For the technical people data sanity checking can be hard, but it is my experience that if you build verification into the collection phase it is a matter of automating the same technique at a later time to reduce the effort of manual checking in the future.
Simply due to the New Zealand IPP 9 requirement that personal information must not be kept longer than necessary, you might want to determine a retention period for all of the Privacy information you store.
In almost all cases retention will be dictated by the terms for which the data was collected, so as part of the data collection process it is important that you obtain permission from individuals of how their data may be used.
For GDPR and New Zealand it is not reasonable to simply gather data with an all encompassing privacy statement that allows you to retain data indefinitely or without being specific in how it will be used.
For example, if you harvest email addresses at a trade show or event for the purposes of marketing into the future you will have a tough time being compliant, however if the individual was providing their data to you as an expression of interest to be converted to a customer you have the ability to stipulate wording in the agreement for this use case and an expected period for retention.
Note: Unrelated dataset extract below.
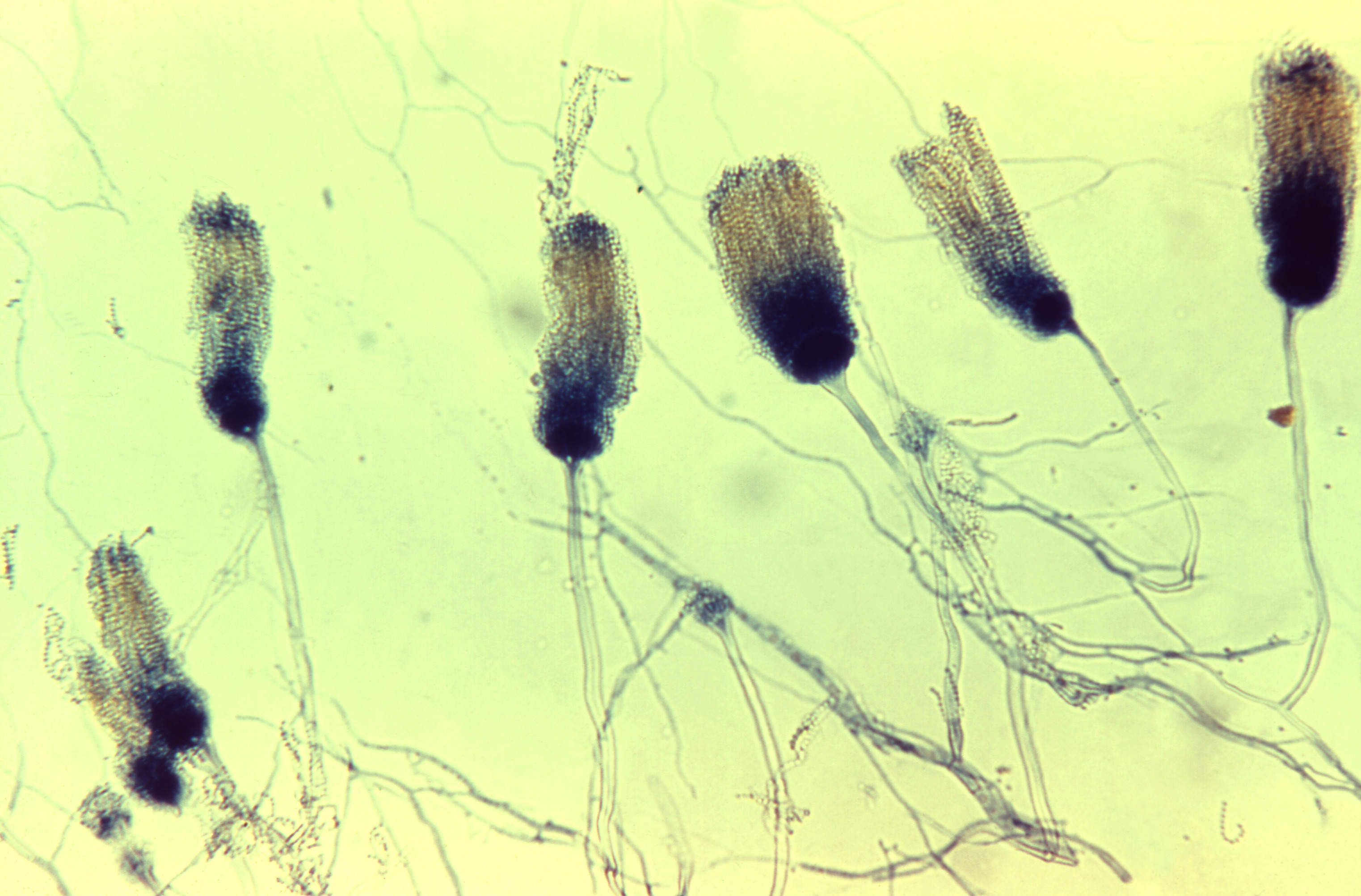 aspergillus-terreus-19340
This provides the individual expectation that data will be deleted by the agreed date if they chose not to convert to being a customer and your business the right to contact them reasonably.
The take away here for the technically minded is that you should ensure data has been classified and that whatever classification model you chose you ensure that you place a definitive retention date for all Privacy data.
International Privacy Law Library
The Privacy Commissioner's Office of New Zealand
General Data Protection Regulation (GDPR)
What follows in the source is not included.